Pensions Under Attack, AARP Fights Back


The financial security of many older Americans could be at risk under a proposed law that was the focus of a hearing this week on Capitol Hill.

Under the proposed plan, millions of retirees could see cuts to the benefits they've earned through a lifetime of hard work.

At issue is a proposal by multi-employer pension plans (plans in which many employers contribute to a common fund to cover their mobile workforce) devised to save the plans from insolvency.  That proposal urges Congress to change the pension laws to allow severely underfunded plans to significantly cut the benefits of people already retired and relying on their pensions. In testimony at the hearing, AARP strongly objected to the plan to cut the benefits of current retirees.

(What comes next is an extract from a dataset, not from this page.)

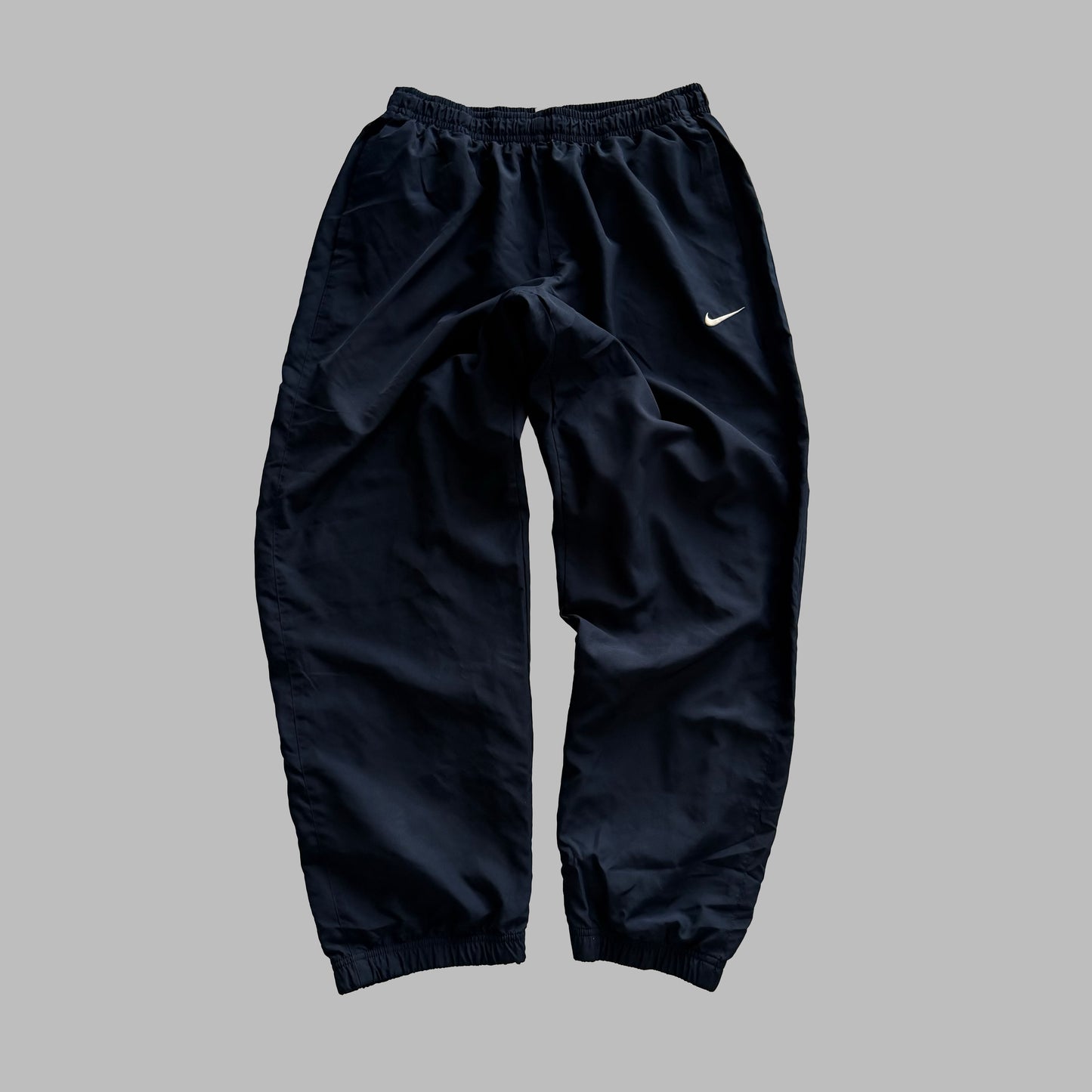 Y2K Nike Baggy Classic Track Pants - L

There has long been a consensus that any proposed changes to retirement income plans - whether public or private - should only be for future retirees, and those in and near retirement should not have any reductions in benefits. The rationale is that retirees are already living on a fixed income and cannot return to the workforce, while near-retirees have relied upon promises made and are too close to retirement to make career or retirement-preparation changes.

Unfortunately, retiree benefit promises are increasingly on the chopping block in Washington D.C., in states across the country and in the private sector.

  • State and local government pension plans under attack: The City of Detroit has filed for bankruptcy and is asking to be relieved of its pension obligations to retired firefighters, police officers, and other city workers in order to pay bond holders. Detroit's request is not unprecedented. Recently, the city of Central Falls, Rhode Island, cut pensions for active workers by up to 55 percent in its bankruptcy proceeding. On the state level, Rhode Island effectively ended cost-of-living adjustments (COLAs) for retirees in 2011, cutting benefits for current retirees by as much as 40 percent over the long-term.
  • Private sector threats:  Private sector companies like Hostess Brands underfunded their pension plans, then declared bankruptcy and dumped their pension obligations on the doorstep of the Pension Benefit Guaranty Corporation (which insures pensions, often in a lesser amount than earned). Hostess will emerge from bankruptcy pension-free, and many of the pensioners will get less than they were promised.
  • Harmful budget deal:  The White House and many in Congress have proposed as part of a budget deal an immediate cut in COLAs for Social Security, veterans' benefits, and other programs that would make retirees poorer as they grow older.  Seniors deserve better than having their benefits used as a bargaining chip in a budget debate.


With the average senior living on $20,000 per year, AARP is fighting for responsible solutions to keep the retirement promises older Americans have worked for and count on.